The Texas Senate today concurred with House amendments to Senate Bill 2, the school choice plan, sending the legislation to Governor Greg Abbott, who has stated he will sign it into law. This marks a significant victory for the school choice movement, which has long sought the use of public tax dollars for private education.
While the House maintained the universal eligibility aspect of the bill, allowing all Texas families to apply, Senate author and Conroe Senator Brandon Creighton lauded the House additions as improvements. “These amendments strengthen rather than dilute the legislation this chamber approved off the Senate floor,” he told his colleagues.
The Senate’s initial version of SB 2 allocated $1 billion to create $10,000 education savings accounts (ESAs) for all school-aged children, employing a lottery system if applications exceeded available funds. These funds could be used for private school tuition, fees, uniforms, and other educational services outside the public school system.
The House amendments modified the allocation of these ESA slots. Students from families with incomes above 500 percent of the federal poverty level (FPL) will now be limited to no more than 20 percent of available slots. The revised bill prioritizes students with siblings already in private education, those with disabilities, and then students in families with incomes incrementally rising up to 500 percent FPL (currently $31,000 for a family of four in 2025).
Furthermore, while the Senate version proposed a flat $10,000 per account, the House amendment ties the ESA amount to 85 percent of the estimated state and local per-student public school funding. This allows the ESA value to fluctuate with changes in the state’s school finance system. Currently, this would amount to slightly more than the Senate’s initial $10,000. The House version also incorporates funding weights, ensuring that students with disabilities receive funding commensurate with their public school allocation, up to $30,000. The overall spending on the program is capped at $1 billion through the 2026-2027 biennium, regardless of the number of applicants or funding weights.

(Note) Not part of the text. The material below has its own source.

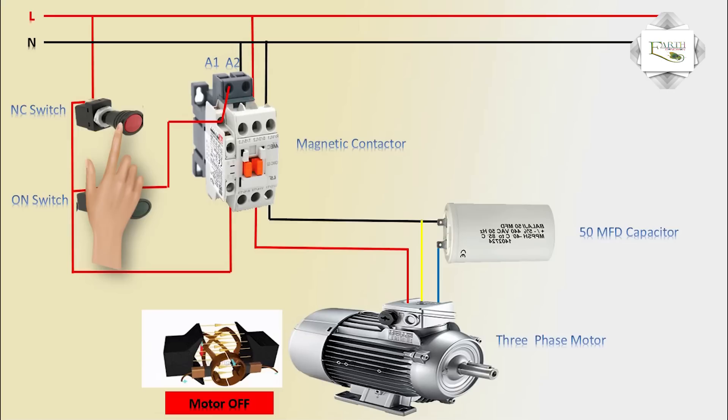Now you can see the single-phase supply is successfully running the three-phase motor — it is running with high force.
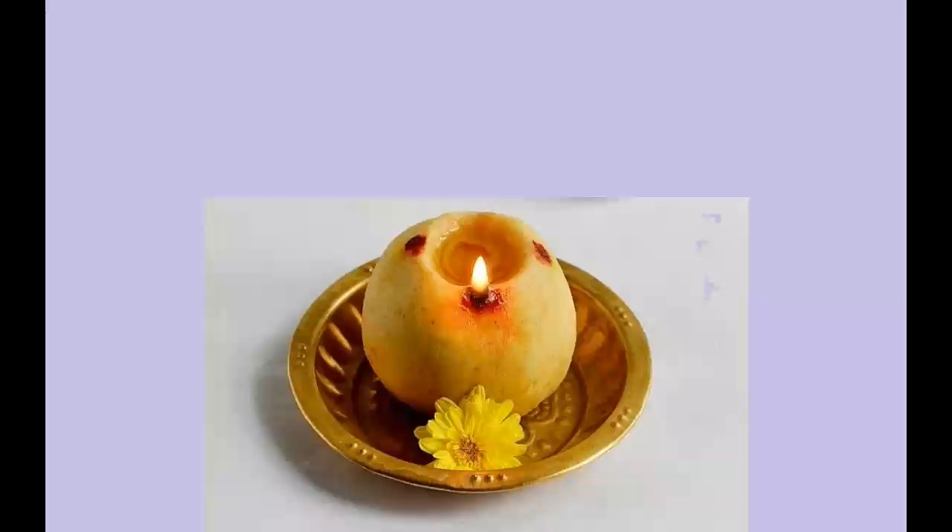It is believed that the lamp dedicated to Mariamman in Adi Masam removes all evils. The lamp lighted for Lord Muruga and Lord Shiva gives wealth and grants us boons as we wish.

Opponents of the bill argued that the state should invest more in improving public schools rather than diverting funds to private institutions. San Antonio Senator José Menéndez stated, “The answer isn’t to give 100,000 children a lottery ticket to go to a private school or somewhere else and leave the other 5.3 or 5.4 million children trapped in underperforming schools, the answer is to invest and improve.”
Some members who voted for the bill expressed concerns about potential unintended consequences. Lubbock Senator Charles Perry worried about the growth of virtual private education and its potential to draw students away from public schools while providing inadequate education and reducing funding for local districts. While Senator Creighton acknowledged the current small number of students in fully online programs, he assured Senator Perry that the legislature would closely monitor any significant increase in such programs.
Lt. Governor Dan Patrick, a strong advocate for the bill, celebrated its passage. He emphasized that despite the new program, the state remains committed to public education, highlighting increased public education funding over the past decade. “We will always cherish public education and that’s where 95 percent of kids will be, and we want to have the best public education system in the world,” he said.